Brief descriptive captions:
Segment Open

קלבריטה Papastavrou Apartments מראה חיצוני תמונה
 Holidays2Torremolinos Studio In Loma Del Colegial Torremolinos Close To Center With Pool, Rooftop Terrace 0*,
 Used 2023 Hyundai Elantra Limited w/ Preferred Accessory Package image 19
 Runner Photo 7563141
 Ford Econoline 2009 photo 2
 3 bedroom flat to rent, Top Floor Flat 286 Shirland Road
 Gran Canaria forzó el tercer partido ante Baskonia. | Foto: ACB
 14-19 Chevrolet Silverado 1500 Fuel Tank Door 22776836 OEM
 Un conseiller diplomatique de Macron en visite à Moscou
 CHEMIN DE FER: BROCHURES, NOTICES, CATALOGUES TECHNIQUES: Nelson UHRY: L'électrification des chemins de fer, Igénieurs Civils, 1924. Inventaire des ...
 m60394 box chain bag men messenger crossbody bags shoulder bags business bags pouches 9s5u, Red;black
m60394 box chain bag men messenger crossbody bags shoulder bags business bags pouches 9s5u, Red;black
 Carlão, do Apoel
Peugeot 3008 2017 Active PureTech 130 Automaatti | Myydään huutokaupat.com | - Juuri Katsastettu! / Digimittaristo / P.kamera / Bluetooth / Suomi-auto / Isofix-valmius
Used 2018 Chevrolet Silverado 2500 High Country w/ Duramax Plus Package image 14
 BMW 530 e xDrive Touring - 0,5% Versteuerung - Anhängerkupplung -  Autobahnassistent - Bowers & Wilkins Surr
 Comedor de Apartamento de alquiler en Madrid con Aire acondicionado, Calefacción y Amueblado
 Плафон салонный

Segment Closed

Using the records above, say how many lines contain the word "Package". Write the number alone.

2